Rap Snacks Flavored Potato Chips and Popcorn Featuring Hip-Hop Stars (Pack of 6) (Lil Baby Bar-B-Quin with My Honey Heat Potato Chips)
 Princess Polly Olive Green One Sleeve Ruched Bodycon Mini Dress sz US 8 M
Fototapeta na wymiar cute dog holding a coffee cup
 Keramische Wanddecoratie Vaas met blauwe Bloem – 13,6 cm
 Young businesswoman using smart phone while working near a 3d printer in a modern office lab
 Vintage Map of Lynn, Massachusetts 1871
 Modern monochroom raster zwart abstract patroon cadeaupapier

* [Brief]: All lines above are to be transcribed exactly.

* [Response below]:
Rap Snacks Flavored Potato Chips and Popcorn Featuring Hip-Hop Stars (Pack of 6) (Lil Baby Bar-B-Quin with My Honey Heat Potato Chips)
 Princess Polly Olive Green One Sleeve Ruched Bodycon Mini Dress sz US 8 M
Fototapeta na wymiar cute dog holding a coffee cup
 Keramische Wanddecoratie Vaas met blauwe Bloem – 13,6 cm
 Young businesswoman using smart phone while working near a 3d printer in a modern office lab
 Vintage Map of Lynn, Massachusetts 1871
 Modern monochroom raster zwart abstract patroon cadeaupapier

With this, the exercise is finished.